▶ WHAT NEEDS TO BE DONE
Output, word for word, every line from the start of the listing down to and including the line that contains "那不勒斯卫冕赛季表现失常 无缘欧战资格陷入低谷 那不勒斯卫冕赛季表现失常"; include nothing else.
***** EXCERPTED RECORDS *****
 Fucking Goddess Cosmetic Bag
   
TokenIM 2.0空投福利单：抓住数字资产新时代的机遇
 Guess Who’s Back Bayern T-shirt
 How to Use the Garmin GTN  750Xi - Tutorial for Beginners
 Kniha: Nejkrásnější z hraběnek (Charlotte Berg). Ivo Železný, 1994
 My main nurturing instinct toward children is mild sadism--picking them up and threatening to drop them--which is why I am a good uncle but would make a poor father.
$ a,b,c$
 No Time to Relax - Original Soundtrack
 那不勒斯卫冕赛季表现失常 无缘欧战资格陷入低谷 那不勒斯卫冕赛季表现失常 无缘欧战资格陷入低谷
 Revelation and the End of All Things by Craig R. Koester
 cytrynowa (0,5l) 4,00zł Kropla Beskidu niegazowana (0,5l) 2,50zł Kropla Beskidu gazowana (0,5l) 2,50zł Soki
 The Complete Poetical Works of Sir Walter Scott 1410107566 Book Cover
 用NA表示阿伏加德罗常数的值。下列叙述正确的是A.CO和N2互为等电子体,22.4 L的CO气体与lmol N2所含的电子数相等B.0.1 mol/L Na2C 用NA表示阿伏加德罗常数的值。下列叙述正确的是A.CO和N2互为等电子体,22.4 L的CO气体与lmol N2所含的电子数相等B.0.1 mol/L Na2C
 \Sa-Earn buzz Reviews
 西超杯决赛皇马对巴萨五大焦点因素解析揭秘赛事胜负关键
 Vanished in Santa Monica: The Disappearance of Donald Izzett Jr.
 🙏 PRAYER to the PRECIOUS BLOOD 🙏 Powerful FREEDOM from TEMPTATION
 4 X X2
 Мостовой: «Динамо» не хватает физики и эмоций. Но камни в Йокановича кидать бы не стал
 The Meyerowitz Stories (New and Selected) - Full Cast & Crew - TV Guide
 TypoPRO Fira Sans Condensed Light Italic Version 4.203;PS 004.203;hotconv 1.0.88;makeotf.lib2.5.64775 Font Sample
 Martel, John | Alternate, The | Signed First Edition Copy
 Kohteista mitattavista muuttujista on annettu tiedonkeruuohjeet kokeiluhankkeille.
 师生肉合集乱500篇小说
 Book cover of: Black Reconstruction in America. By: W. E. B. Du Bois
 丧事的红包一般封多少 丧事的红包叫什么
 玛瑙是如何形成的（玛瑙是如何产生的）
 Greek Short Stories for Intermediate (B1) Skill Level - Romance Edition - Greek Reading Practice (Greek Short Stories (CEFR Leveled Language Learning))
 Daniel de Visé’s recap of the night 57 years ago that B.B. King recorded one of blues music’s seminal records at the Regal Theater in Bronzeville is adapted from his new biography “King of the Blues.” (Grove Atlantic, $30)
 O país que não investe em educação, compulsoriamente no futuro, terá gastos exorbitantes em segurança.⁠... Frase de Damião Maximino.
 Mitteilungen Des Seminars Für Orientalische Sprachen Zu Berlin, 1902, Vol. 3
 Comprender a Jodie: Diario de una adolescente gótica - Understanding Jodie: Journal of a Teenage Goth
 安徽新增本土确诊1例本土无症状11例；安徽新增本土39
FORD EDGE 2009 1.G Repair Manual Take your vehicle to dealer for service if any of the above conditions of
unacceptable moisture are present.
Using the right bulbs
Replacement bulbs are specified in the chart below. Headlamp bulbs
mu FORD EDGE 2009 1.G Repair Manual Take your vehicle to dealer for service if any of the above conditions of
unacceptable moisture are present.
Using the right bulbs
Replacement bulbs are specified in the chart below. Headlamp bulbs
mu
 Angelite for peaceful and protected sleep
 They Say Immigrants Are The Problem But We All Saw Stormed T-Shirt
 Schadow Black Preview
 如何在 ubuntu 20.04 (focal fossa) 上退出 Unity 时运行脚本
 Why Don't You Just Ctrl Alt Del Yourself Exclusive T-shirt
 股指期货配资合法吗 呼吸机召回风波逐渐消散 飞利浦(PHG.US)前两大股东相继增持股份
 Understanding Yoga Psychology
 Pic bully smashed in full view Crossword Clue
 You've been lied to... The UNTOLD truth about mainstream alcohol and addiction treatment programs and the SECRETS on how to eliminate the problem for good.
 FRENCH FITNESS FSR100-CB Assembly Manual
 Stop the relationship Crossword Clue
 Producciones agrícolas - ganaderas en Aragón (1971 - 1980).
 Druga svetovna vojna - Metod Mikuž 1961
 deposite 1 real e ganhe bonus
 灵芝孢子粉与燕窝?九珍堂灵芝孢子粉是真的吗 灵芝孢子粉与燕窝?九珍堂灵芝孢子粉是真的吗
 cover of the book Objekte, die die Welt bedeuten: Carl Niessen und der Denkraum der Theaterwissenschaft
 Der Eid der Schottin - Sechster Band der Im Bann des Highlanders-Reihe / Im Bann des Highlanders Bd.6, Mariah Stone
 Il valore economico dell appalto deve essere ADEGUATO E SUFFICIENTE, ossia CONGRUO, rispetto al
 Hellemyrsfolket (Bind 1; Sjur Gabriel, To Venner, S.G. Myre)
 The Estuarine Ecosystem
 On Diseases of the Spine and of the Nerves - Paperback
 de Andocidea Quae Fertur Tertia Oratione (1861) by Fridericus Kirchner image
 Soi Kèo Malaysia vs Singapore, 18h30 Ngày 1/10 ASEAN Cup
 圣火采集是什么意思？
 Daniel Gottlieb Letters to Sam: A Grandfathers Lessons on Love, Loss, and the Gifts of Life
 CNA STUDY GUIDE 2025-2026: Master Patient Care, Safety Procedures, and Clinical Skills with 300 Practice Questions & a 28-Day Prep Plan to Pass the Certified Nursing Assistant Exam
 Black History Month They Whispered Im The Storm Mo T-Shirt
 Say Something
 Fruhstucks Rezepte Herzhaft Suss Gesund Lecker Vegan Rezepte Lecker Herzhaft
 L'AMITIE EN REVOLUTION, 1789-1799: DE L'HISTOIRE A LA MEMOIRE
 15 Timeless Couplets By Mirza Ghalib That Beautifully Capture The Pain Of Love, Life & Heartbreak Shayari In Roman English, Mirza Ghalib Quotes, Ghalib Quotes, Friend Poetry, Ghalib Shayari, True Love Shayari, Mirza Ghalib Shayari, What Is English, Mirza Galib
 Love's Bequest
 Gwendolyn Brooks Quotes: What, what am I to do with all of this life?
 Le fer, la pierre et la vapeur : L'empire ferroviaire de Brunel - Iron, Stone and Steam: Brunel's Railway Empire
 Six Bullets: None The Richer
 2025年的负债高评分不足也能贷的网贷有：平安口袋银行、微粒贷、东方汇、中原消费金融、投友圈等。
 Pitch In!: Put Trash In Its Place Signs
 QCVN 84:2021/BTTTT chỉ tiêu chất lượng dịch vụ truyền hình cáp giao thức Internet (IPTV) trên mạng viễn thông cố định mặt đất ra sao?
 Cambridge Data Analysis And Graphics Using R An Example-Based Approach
*****
▶ RESULT FOR THIS TASK
 Fucking Goddess Cosmetic Bag
   
TokenIM 2.0空投福利单：抓住数字资产新时代的机遇
 Guess Who’s Back Bayern T-shirt
 How to Use the Garmin GTN  750Xi - Tutorial for Beginners
 Kniha: Nejkrásnější z hraběnek (Charlotte Berg). Ivo Železný, 1994
 My main nurturing instinct toward children is mild sadism--picking them up and threatening to drop them--which is why I am a good uncle but would make a poor father.
$ a,b,c$
 No Time to Relax - Original Soundtrack
 那不勒斯卫冕赛季表现失常 无缘欧战资格陷入低谷 那不勒斯卫冕赛季表现失常 无缘欧战资格陷入低谷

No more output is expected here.